# Records for the exercise
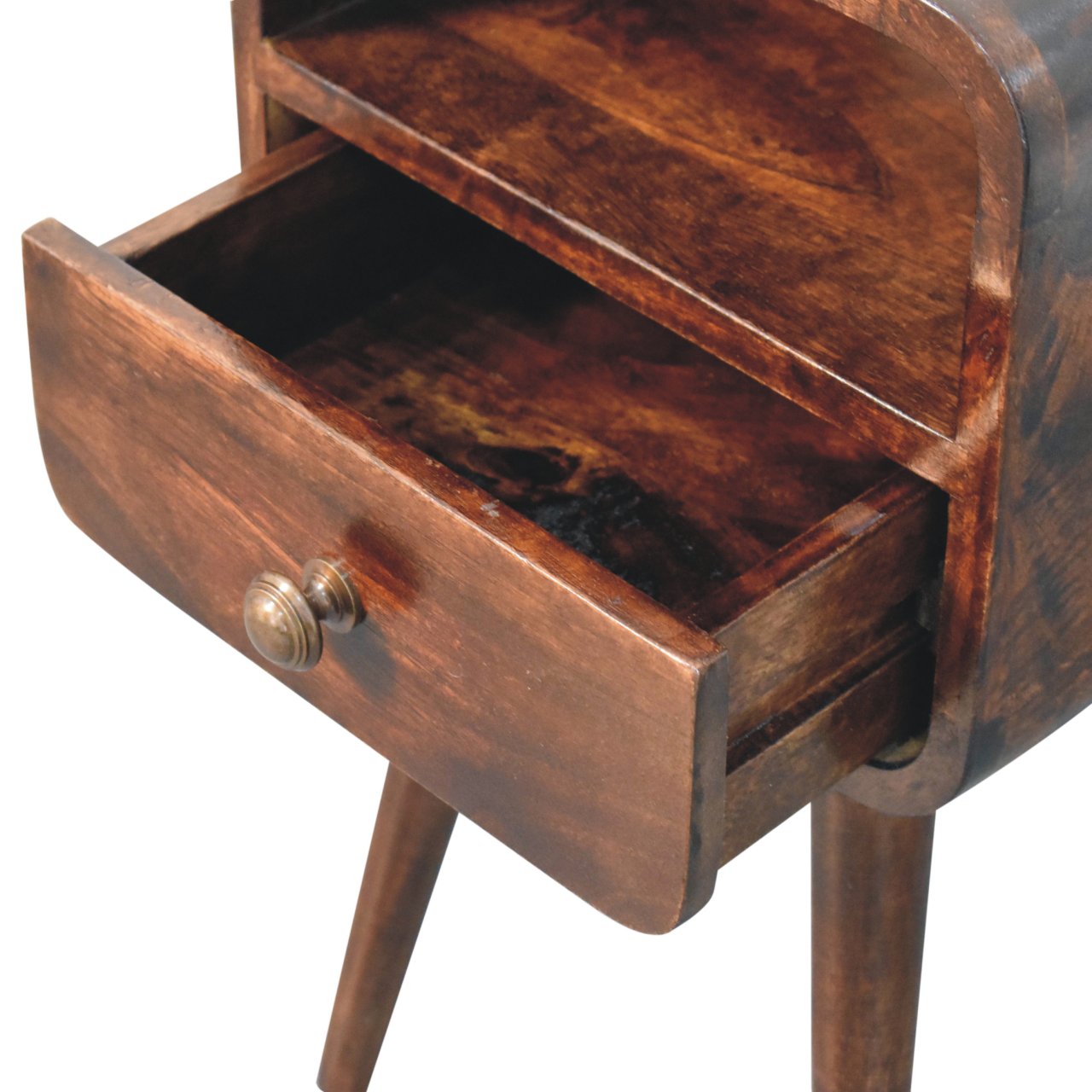 Solid Mango Wood Mini California Walnut Finished 1Drawer 1 Slot Curved Bedside - Image 6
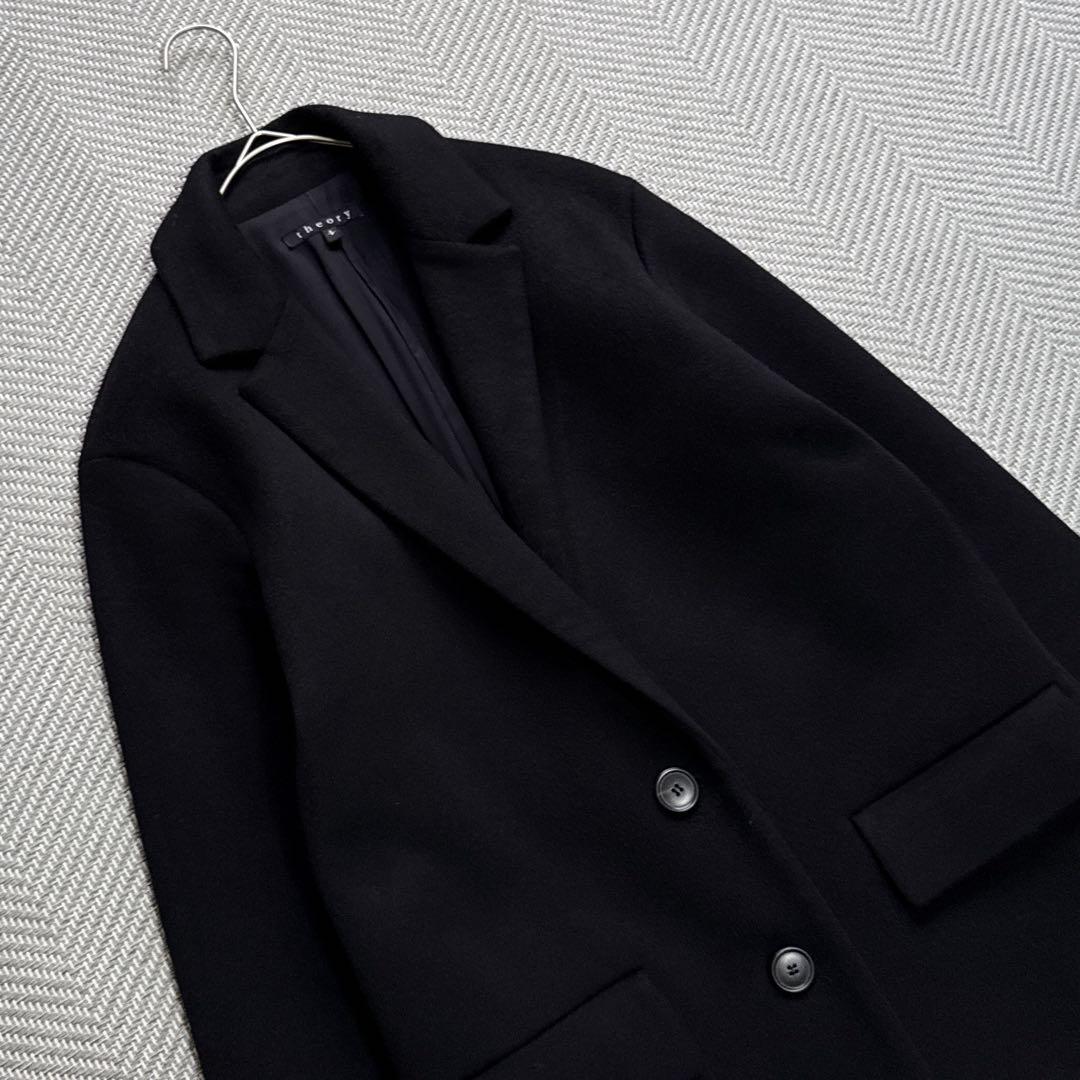 極美品 Theory カシミヤ100% チェスターコート ロングコート 黒 M
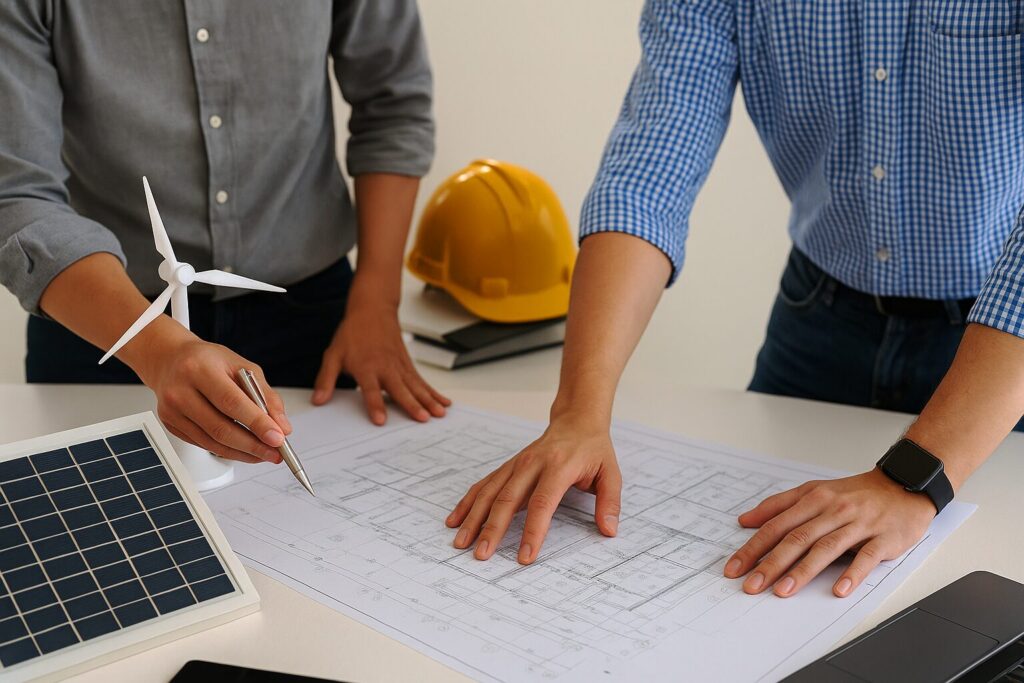 architetto e ingegnere lavorano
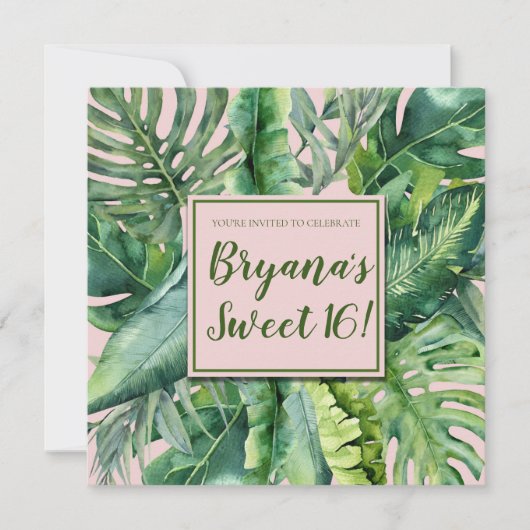 Roze & Groen Tropisch Bladeren Zoet 16 Feest Kaart (Voorkant)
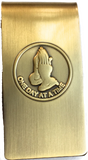 Praying Hands One Day At A Time Brass Sobriety Money Clip - RecoveryChip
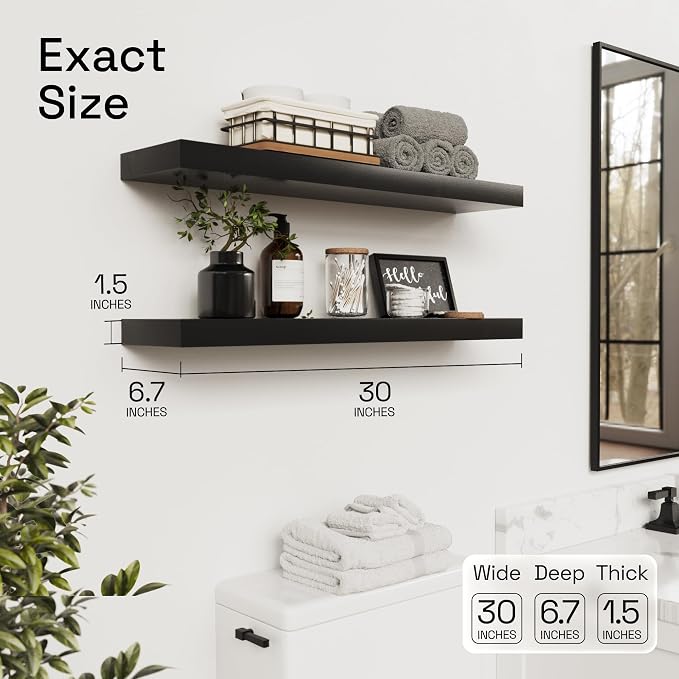 BAOBAB WORKSHOP Solid Wood Floating Shelves for Wall 30 Inches Long, Real Wooden Bathroom Shelf Large, Heavy Duty Wall Shelves Mounted Kitchen Bedroom Farmhouse, Black Shelf, 30W × 6.7D, Set of 2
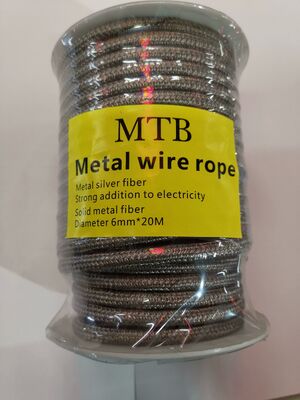 Quality  Elastic anti-static conductive rope (Silver‑coated Fiber) 6 mm diameter factory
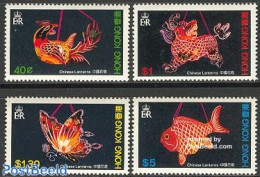 Hong Kong 1984 Lanterns 4v, Mint NH, Nature - Butterflies - Fish - Ongebruikt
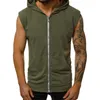 Herentanktops 2023 Heren Zipper T -shirt Fitness Solid kleur Mouwloze capuchon Cardigan Casual Zomer Male Sport Running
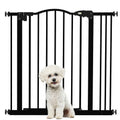 Extendable Dog Gate with 2 Locks and Automatic Lock, Metal and Plastic, 74-87x78 cm, Black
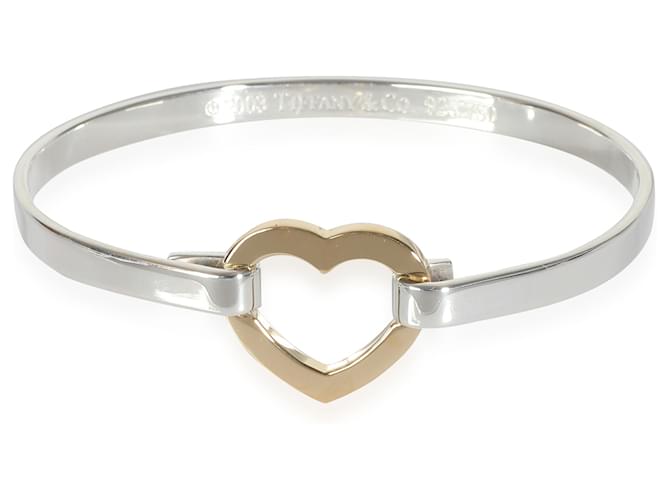 TIFFANY & CO. Vintage Heart Bracelet in 18k yellow gold/sterling silver Silvery Metallic Metal  ref.1305520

# Problem description
Leave the pictures out. Transcribe exactly the lines from the one with "Hong Kong 1984" through the end of the records.

# Answer to this task
 Hong Kong 1984 Lanterns 4v, Mint NH, Nature - Butterflies - Fish - Ongebruikt
 Herentanktops 2023 Heren Zipper T -shirt Fitness Solid kleur Mouwloze capuchon Cardigan Casual Zomer Male Sport Running
 Extendable Dog Gate with 2 Locks and Automatic Lock, Metal and Plastic, 74-87x78 cm, Black
 TIFFANY & CO. Vintage Heart Bracelet in 18k yellow gold/sterling silver Silvery Metallic Metal  ref.1305520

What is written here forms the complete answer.